La muerte de Pablo Escobar es un tema que Sebastián aborda con una perspectiva única, sugiriendo la posibilidad de que su padre optara por el suicidio antes que ser capturado. Esta teoría, respaldada por conversaciones previas sobre el suicidio y el modo particular en que Pablo solía referirse a su pistola, plantea interrogantes sobre la narrativa oficial de su muerte.
Tras la muerte de Escobar, Sebastián y su familia enfrentaron amenazas que los obligaron a buscar refugio en el extranjero. La elección de Argentina como destino no fue premeditada, sino el resultado de circunstancias adversas y la búsqueda de un lugar donde comenzar de nuevo. Este traslado marca el inicio de una nueva vida para Sebastián, lejos de la violencia y el legado de su padre.
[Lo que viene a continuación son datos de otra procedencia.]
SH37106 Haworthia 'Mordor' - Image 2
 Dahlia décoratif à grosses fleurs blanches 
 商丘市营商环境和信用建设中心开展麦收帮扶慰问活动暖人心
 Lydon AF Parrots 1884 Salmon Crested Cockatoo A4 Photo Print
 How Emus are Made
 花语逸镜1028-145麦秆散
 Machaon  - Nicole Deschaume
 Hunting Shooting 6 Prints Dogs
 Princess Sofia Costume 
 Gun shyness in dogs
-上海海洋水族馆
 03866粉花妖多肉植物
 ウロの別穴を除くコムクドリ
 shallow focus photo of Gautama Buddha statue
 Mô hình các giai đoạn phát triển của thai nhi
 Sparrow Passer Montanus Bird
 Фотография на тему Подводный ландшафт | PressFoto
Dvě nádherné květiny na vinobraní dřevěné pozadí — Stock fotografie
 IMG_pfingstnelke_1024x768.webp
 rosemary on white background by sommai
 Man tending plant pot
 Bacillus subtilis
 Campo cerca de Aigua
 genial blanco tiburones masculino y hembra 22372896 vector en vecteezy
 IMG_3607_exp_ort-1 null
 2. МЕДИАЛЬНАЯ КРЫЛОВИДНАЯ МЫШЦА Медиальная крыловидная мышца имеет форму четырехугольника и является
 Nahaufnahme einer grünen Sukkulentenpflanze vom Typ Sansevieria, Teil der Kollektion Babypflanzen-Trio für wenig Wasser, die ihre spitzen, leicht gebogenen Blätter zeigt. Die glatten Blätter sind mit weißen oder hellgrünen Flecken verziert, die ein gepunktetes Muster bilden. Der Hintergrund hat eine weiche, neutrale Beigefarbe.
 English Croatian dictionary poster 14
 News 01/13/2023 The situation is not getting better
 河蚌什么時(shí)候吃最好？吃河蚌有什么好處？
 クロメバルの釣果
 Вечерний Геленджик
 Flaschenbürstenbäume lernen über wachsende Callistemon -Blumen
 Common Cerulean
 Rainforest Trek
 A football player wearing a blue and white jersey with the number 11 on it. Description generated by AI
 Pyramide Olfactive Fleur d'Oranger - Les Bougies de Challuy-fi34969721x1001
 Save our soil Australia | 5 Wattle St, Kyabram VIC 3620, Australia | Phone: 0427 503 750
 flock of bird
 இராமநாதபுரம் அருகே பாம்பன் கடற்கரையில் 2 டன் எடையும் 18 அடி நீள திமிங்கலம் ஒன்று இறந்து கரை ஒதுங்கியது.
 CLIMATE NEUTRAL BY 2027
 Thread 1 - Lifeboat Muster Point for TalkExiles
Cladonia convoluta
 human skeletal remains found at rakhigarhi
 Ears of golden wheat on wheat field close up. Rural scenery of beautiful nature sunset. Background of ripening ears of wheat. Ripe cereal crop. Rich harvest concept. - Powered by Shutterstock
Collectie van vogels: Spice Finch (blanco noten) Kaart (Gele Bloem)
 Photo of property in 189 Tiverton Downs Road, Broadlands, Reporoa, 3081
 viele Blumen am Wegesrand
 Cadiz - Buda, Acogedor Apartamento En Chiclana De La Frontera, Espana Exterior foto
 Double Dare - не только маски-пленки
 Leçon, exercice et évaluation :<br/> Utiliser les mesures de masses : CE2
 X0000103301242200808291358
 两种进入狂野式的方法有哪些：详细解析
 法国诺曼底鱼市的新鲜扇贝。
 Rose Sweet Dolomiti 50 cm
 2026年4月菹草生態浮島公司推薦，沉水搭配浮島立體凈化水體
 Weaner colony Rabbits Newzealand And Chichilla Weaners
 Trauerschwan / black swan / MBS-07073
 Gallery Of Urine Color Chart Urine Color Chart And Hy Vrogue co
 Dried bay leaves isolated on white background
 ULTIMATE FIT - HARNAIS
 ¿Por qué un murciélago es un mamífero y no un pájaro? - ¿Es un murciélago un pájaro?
En Argentina, Sebastián Marroquín se ha dedicado a compartir su historia con el mundo, enfocándose en un mensaje de paz y reflexión. A través de conferencias y libros, busca desmitificar la figura romántica del narcotraficante y advertir a las nuevas generaciones sobre las verdaderas consecuencias de seguir un camino similar al de su padre.
Sebastián no solo confronta el pasado oscuro de su familia, sino que también invita a una reflexión más amplia sobre las dinámicas de poder, corrupción y violencia que han marcado la historia reciente de Colombia y, por extensión, de América Latina. Su testimonio es un recordatorio de que la paz y la reconciliación son posibles, incluso frente a las sombras más oscuras de nuestro pasado.
El día que Pablo Escobar quiso secuestrar a Michael Jackson
Sebastián Marroquín, hijo de Pablo Escobar, relata una anécdota singular sobre su padre, revelando una faceta menos conocida del famoso narcotraficante: su interés por la música y cómo llegó a contemplar un plan tan extravagante como invitar a Michael Jackson a Colombia. La historia surge de la curiosidad juvenil de Marroquín, quien, siendo un gran admirador de Michael Jackson, sugirió a su padre la idea de organizar un concierto privado con el Rey del Pop en su famosa Hacienda Nápoles.
Pablo Escobar, conocido por su capacidad para convertir lo inimaginable en realidad, no solo consideró la idea sino que, según Marroquín, la llevó un paso más allá. La mente maquiavélica de Escobar no se conformaba con organizar un concierto privado; ideó un plan para retener a Jackson después del evento, proponiendo una «tarifa de salida» de 60 millones de dólares. Este plan revela no solo la audacia y la desmesura de Escobar, sino también la normalización de la violencia y el secuestro como herramientas para conseguir lo que quería.
Sin embargo, este audaz plan nunca se materializó. La Hacienda Nápoles fue decomisada por las autoridades ese mismo año, lo que impidió la realización del concierto o cualquier intento de secuestro. Este episodio, aunque no pasó de ser una idea, refleja la complejidad de la vida dentro del círculo de Pablo Escobar, donde los límites entre lo posible y lo ético se difuminaban constantemente.